L’enfant et la mer – épisode 3

Je me souviens aussi des trois couronnes du matelot, ô vous qui naviguez dans le sillage de mon rafiot sous la nuit des longs courriers, l’oreille tendue vers mon chant, mollement balancé dans mon hamac j’écoute la lame qui caresse le flanc du vaisseau, floc, floc, do do l’enfant do, dans la lourde cadence de la houle, creusons notre sillon dans le lait du ciel, barcasse, pointu, pinasse, suivez-moi sur des eaux nouvelles et barattons ferme afin de faire enfin éclore des êtres vêtus de neuf, chevauchant le dos du monde faisons bonne route, vers quelle blonde toison ? Fifteen men on the dead’s man chest – yo-ho-ho, and a bottle of rum ! Sur la baie, loup de mer émerveillé j’allais à bord de mon coracle tourné vers l’avant et gréé en corbière, le Yorrike qu’il s’appelait, me disant en moi-même :

— Cette eau que tu vois est une solution complexe dans laquelle on trouve, au moins à l’état de traces, tous les éléments chimiques connus.

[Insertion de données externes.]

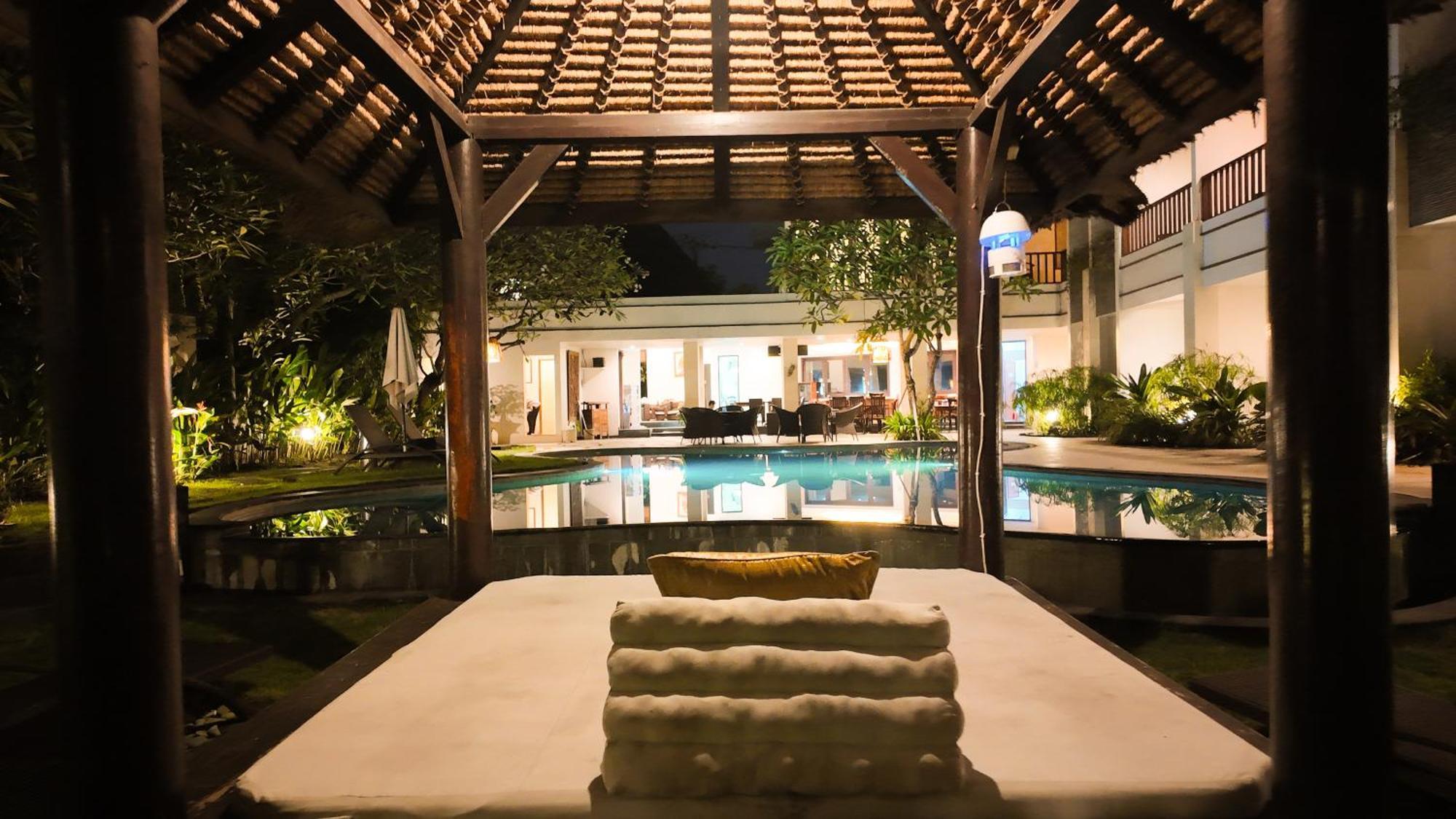 Villa Diana Bali 16 Bedrooms Seminyak Buitenkant foto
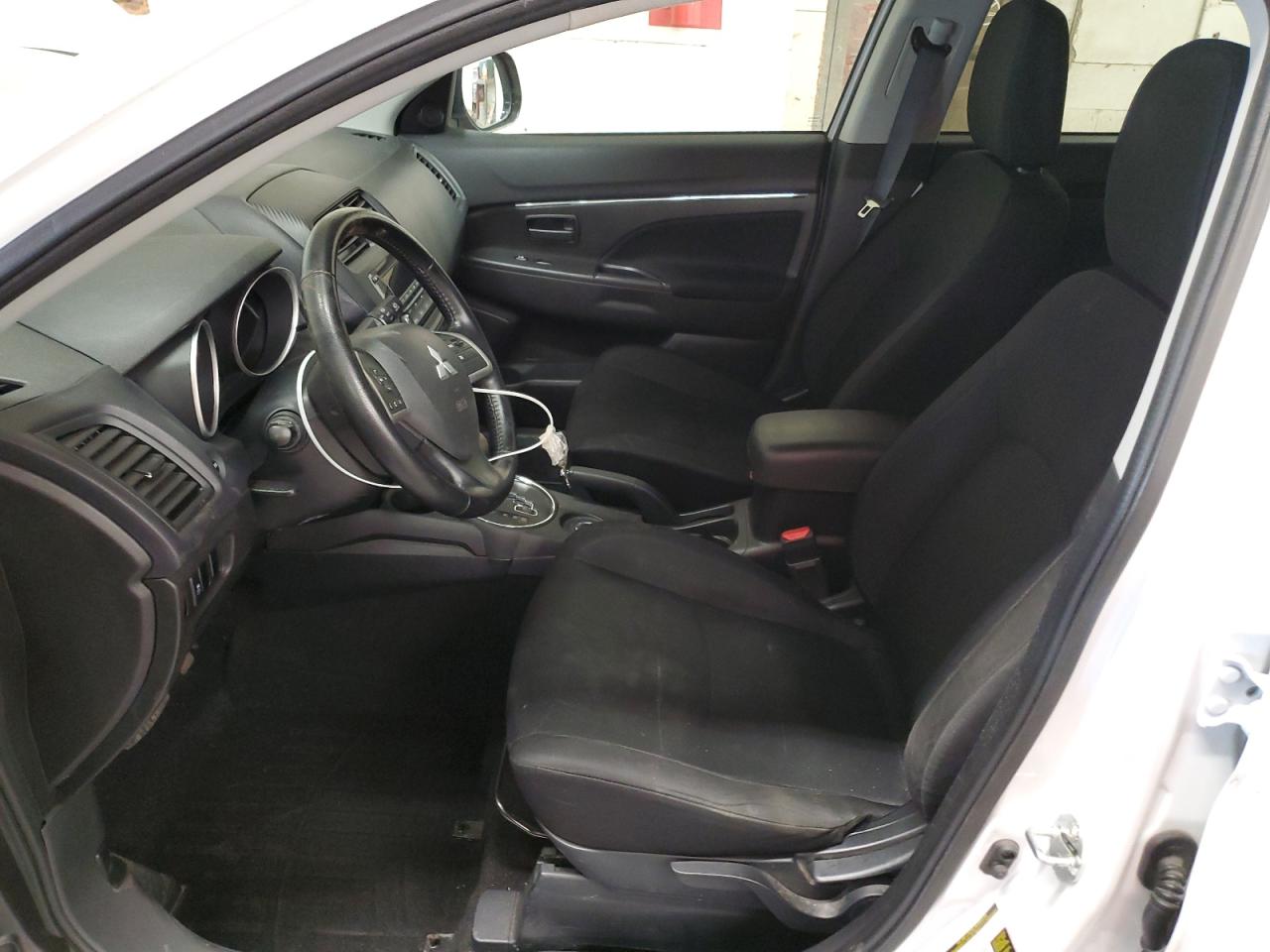 2015 Mitsubishi Outlander - Image 7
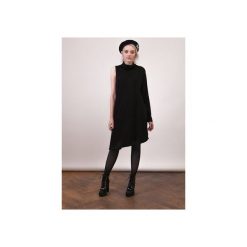 Sukienka One Sleeve Black. Czarne sukienki damskie Girl Little Boy, s, bez wzorów, z wiskozy, bez kołnierzyka, bez rękawów. Za 350,00 zł.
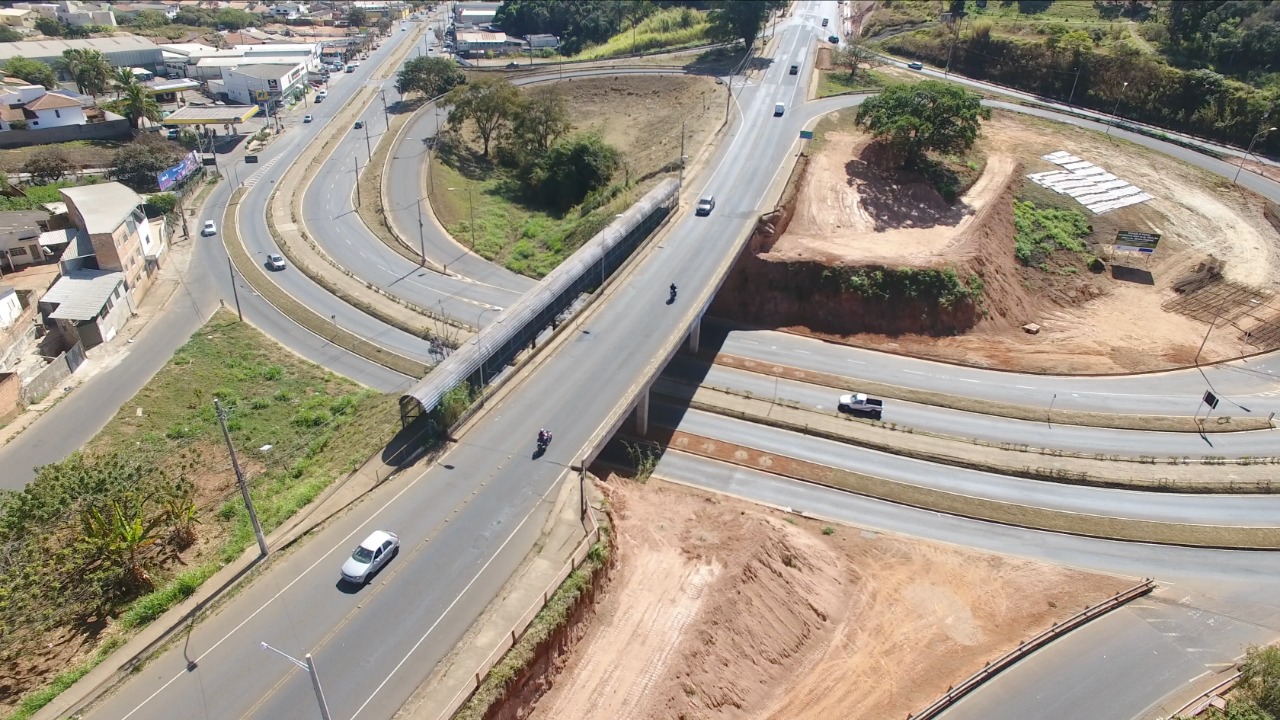 Obras para duplicação do viaduto na avenida Hitalo Ros têm início nesta segunda-feira (8); Veja os trechos de interdições e as rotas alternativas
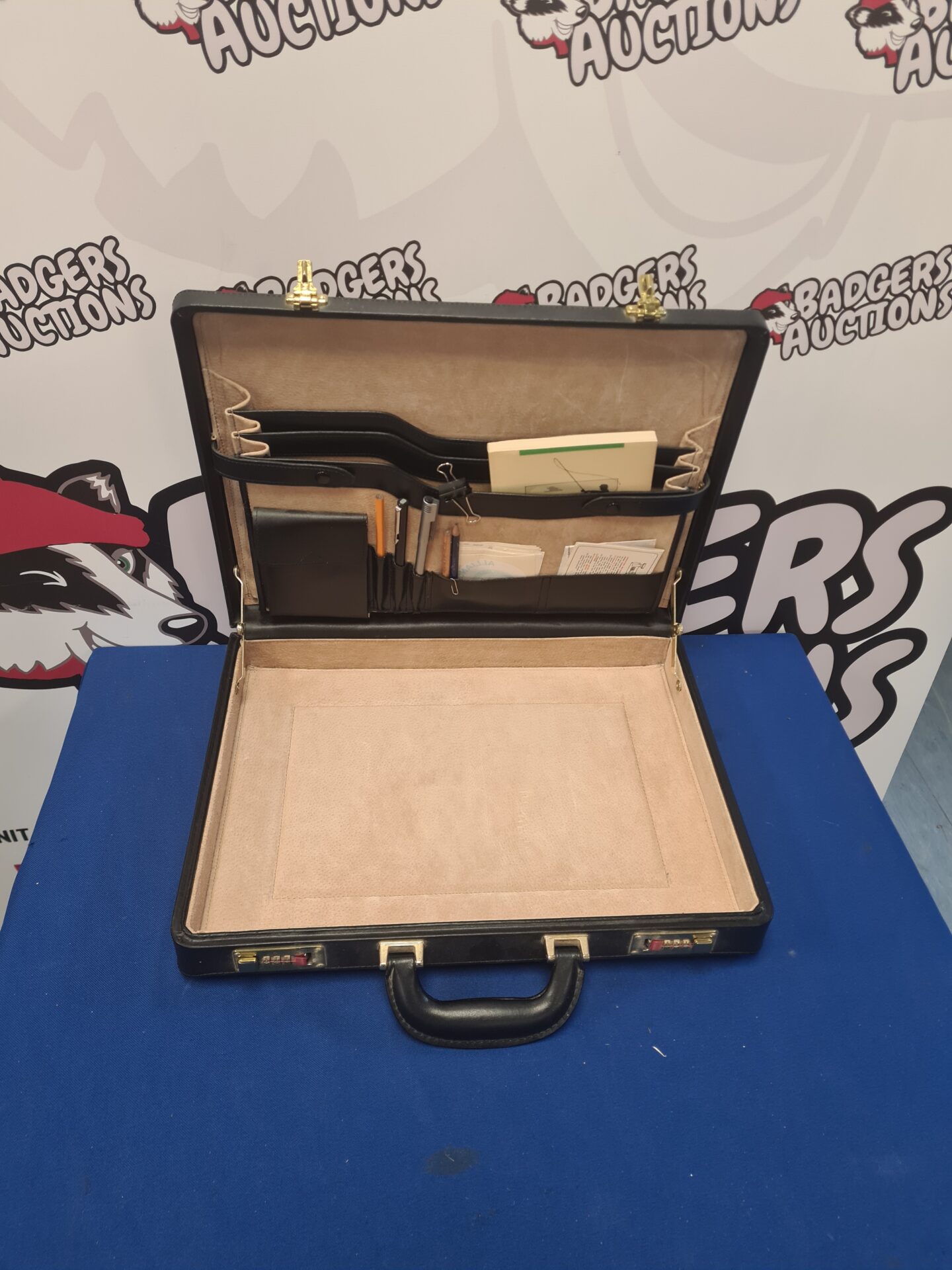 554 Black leather case with contents
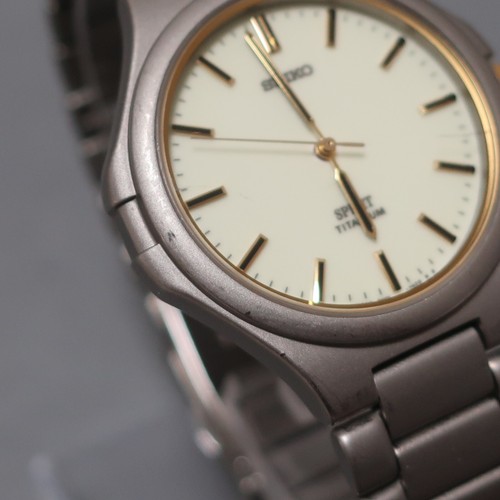 Reloj de cuarzo Seiko Spirit titanio 7N01-7100 esfera luminosa 35 mm - Imagen 21 de 23
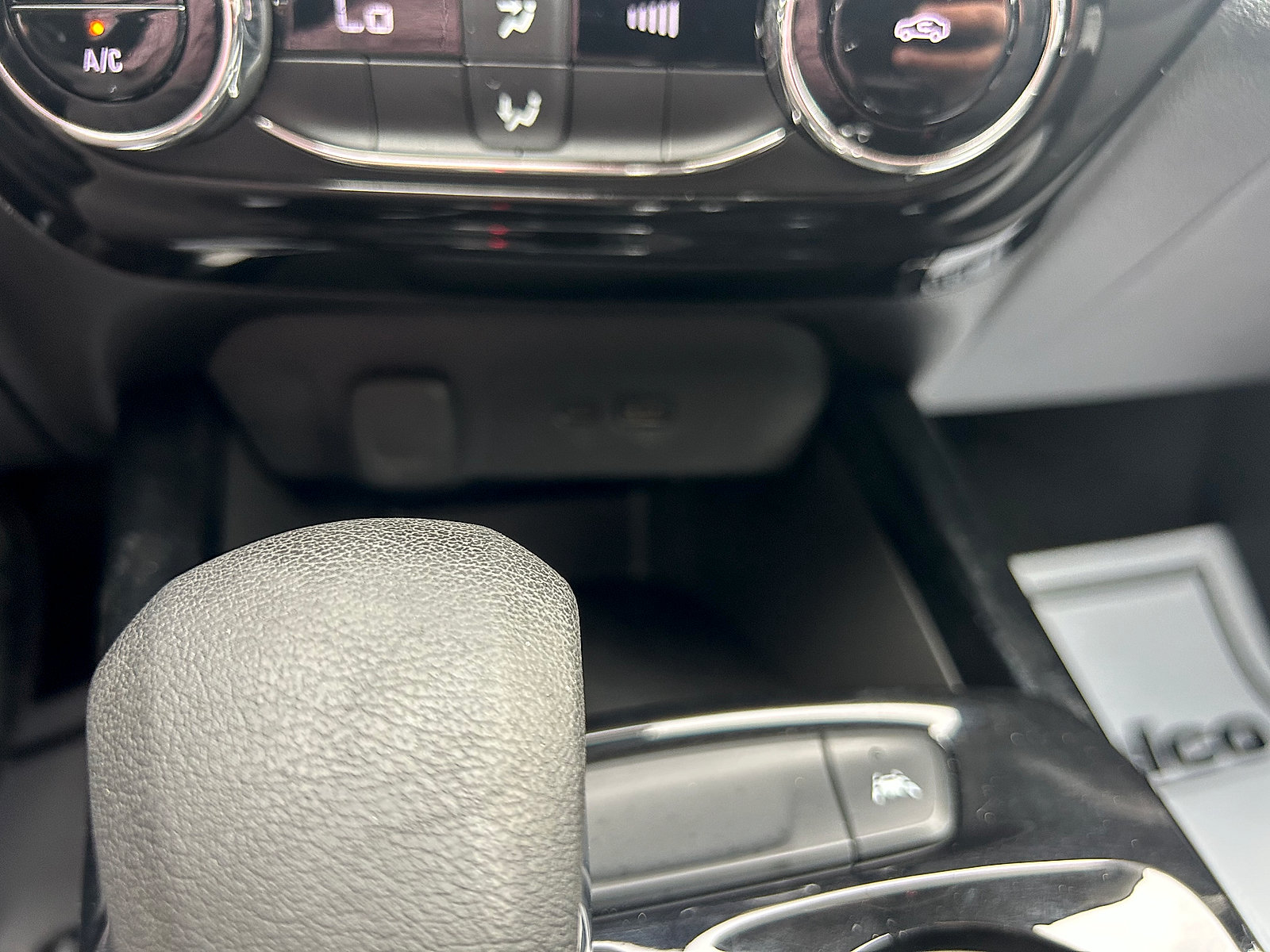 Used 2025 Chevrolet Trax LT FWD image 17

Va plus loin. Vivre n’est pas nécessaire. Combien de fois ai-je fait la traversée ? Quand j’en ai eu ma claque de courir après les intersignes à la poursuite des reflets laissés par des spectres encore plus pâles qu’un cierge de cire, lançant par-dessus les flots :

— Do you read me ?

je me suis retiré à la côte les yeux fixés au large et les cheveux au vent, j’erre désormais côté terre, longeant le chemin des douaniers, de mes grandes mains je palpe l’air, j’essuie les nuages à grands coups de faubert, avec l’hébétude des vieux marins à la tête pleine de flotte je me demande comment devenir un océan. Trois, même. Sans compter l’arctique et l’antarctique. Toujours cette barre droit devant. L’Armen continue de cligner de l’œil à travers le brouillard, sa chambre de veille vide. Où sont donc nos navires ? C’est écrit : « Without are dogs and murderers. There is a breeze coming, Jim. » Les bateaux, c’est connu, sont aussi vivants que toi et moi. Plus même. Celui-là, on lui compterait les arêtes à travers la coque :

— Vous cherchez de l’embauche ?

— J’irais bien faire mes pâques à New York, dis-je pour me dédouaner, s’ils me laissent passer à Ellis Island.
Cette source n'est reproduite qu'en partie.